I think back after so much life tried to tell me it hadn’t actually happened. I know that all things outside come from within. I know I am not alone, but I was the only one alone with you. You told me once you’d never in all your life had control. I understood that. Today, I understand that feeling still. You said sorry once, you even cried. But one apology, one cry is not enough. It’s almost like you were trying to govern some sort of magic in me. You draped me with so much hate but you also taught me so much strength. It’s like you armored me just enough to not destroy me completely. It’s like you didn’t love me as much as I had thought, but you didn’t hate me as much as I thought either. I suppose there’s peace in that.
I have imagined having my own child many times. I have run mental plays where in my anger I might have hit my kid, said, I wish you were never born, and I hate you. I can’t do it — not even in fantasy or dreaming can I do it. That makes me feel a little better, because I know you are in me…. somewhere I have some of you in me, but not that.
You were not the common love, are not the common love. That makes me hopeful, it cheers me some.
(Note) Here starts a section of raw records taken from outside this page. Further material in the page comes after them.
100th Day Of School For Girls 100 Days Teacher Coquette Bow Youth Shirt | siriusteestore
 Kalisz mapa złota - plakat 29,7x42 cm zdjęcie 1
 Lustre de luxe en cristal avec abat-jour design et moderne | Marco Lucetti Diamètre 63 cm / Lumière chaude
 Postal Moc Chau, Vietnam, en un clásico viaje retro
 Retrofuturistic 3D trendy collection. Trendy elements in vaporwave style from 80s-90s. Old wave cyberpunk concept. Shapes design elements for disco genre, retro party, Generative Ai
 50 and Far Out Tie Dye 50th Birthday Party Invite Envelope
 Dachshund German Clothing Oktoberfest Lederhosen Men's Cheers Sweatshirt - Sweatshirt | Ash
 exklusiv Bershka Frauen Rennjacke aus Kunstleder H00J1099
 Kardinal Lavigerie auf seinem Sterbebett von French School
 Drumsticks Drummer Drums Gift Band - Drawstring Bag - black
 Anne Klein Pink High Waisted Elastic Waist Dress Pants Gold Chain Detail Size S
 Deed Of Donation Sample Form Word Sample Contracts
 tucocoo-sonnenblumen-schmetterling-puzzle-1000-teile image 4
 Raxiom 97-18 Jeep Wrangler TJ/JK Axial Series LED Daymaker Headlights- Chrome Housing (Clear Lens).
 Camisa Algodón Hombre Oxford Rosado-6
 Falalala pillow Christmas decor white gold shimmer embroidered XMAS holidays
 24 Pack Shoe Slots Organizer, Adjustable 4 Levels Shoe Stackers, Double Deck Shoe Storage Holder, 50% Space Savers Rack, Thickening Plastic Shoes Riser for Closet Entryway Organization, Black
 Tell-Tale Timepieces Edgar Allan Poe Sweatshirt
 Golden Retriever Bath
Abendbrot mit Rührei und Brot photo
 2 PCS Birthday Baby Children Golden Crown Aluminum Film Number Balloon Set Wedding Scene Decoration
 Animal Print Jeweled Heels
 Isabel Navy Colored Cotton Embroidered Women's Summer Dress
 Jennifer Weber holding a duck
I found it other places I suppose. Though it never filled. Sometimes I still think about those days. I am baffled at the words and the feelings and the actions. I feel it more now than I did back then. I got numb quickly, although the fear was always strong, and the fear was falsely interpreted as well-behaved.
I don’t regret our time together when I was young, at least not for me, but I regret it for you. You missed out. You missed out on loving a kid who was kinda cool, a kid who saw the world differently from most, a kid who was more driven than most, a kid who slipped dollars in your purse when you weren’t looking to help with groceries. I saw everything. I heard everything. I paid attention, so much more than you realized. You missed out on a kid who gave everything to his mom. Just imagine how much I would have given to a mom that touched me with gentleness instead of hate.
I am tired now. So tired. And I understand so much more of life and its difficulty, and I think, more of you as well.
I’m a strong oak and I’m learning flexibility, I’m learning about leaves and color, and trying my best to stop working so hard to be loved. I worked for yours all my life and never felt it — never got it as I wished.
But you made me strong, you made me a strong tree, and I can’t fault you for that.